If I had to pick an image to sum up my visits to the Board of Police Commissioners, it would be this one:

I’m the kitty.

My so-far futile yet determined efforts to engage with our democratic institutions continued on Monday, as I attended the latest Board of Police Commissioners meeting. On January 20, I called for the board to freeze the budget for the police until they show they have taken serious action to end racial profiling, hold the police accountable for brutality, and until the police meet the demands of the Black community. This effort predictably failed, and on Wednesday, city council gave the Halifax Regional Police another budget increase.

The Board releases the agenda for their meetings on Friday. If you want to speak, you are supposed to ask to be on the agenda by Wednesday. Public presentations are directed to be relevant to the topics being discussed by the board, except we don’t know what the board will be talking about until after we have to sign up to speak.

I know I joke about my Negrodamus-like abilities to predict the actions of people in authority, but even I am not clairvoyant. Sitting through a police board meeting when you can’t speak or ask questions or argue is like when you’re watching a movie and a man with a knife comes up behind the character and you want to scream “Look behind you!” but you’re in public, and also they can’t hear you anyway.

At one point, an involuntary “oh my God!” did escape me, when the Board was reviewing its work plans and self-assessments, and it was suggested that, for example, it would be worth asking if everyone had “read the manual.”

An institution takes up 22% of the municipal budget, is authorised to detain and use force against people, and the people who are responsible for oversight might not have read the manual?

On the agenda for Monday was a survey commissioned by the police to canvas the attitudes and perceptions of diverse communities towards the police. These are the moments where you wish you were too short to board the rides at Neoliberal World. It’s a theme park that costs too much, and all the games are rigged. In this focus-grouped, branded, consultant-heavy world, it seems to make perfect sense to people that even though there were surveys in 2014 and 2018 about attitudes towards the police, and even though we don’t seem to know those results, and even though the Wortley report comprehensively canvassed the African Nova Scotian community, and even though the media also ran multiple polls, it is extremely important that we do another survey to really figure out how people perceive the police.
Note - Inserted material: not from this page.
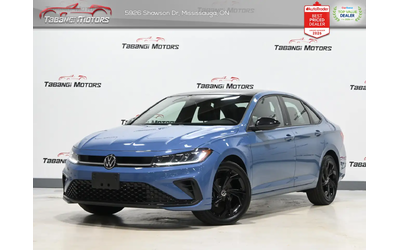 vw-jetta-comfortline-sport-leather-sunroof-adaptive-cruise-remote-start-front-wheel-drive - 0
Or rather, it’s really important that we do this survey to ask people questions about which questions they think they should be asked about the police in future surveys. You see, this survey is really important so we can set a “baseline”about what surveys to do so then we can do more surveys.

I know I sound sarcastic and flippant in these articles, but there’s a point where humour is really the only response to these bizarre happenings that everyone else seems to receive as normal. We need a tank because we used to have access to a tank and we never used it, so therefore we need another tank and we shouldn’t worry if it will be turned against protestors because we never use it which is why it’s a good investment. And we need surveys to ask people what they should be asked so we can ask people what they feel about being asked about what they perceive.
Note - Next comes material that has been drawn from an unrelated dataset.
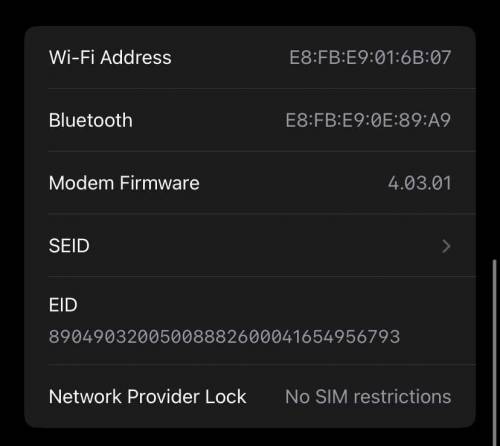 IPHONE 11 Non PTA Factory Unlocked.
I keep coming back to this, but in the face of decades of evidence, reports, and legal opinions about what the police actually do, the police think it’s important to ask people what they perceive. This is actually quite similar to how they kept insisting that the problem wasn’t racial profiling, it was our “perception” of racial profiling.

This is the Disneyland school of policing, where the imitation of the real is realer than the real itself — what people feel and think and perceive is somehow more important than evidence of how the police behave.

I mean, maybe instead of beating people up at Walmart we should just assign the police to do surveys all day. I’m okay with that.

What actually happens if, say, 80% of people in Halifax say they don’t trust the police? Do we get to get rid of the police and do something else? Or will they still get more budget every year, bigger and bigger weapons, and advanced surveillance technology anyway?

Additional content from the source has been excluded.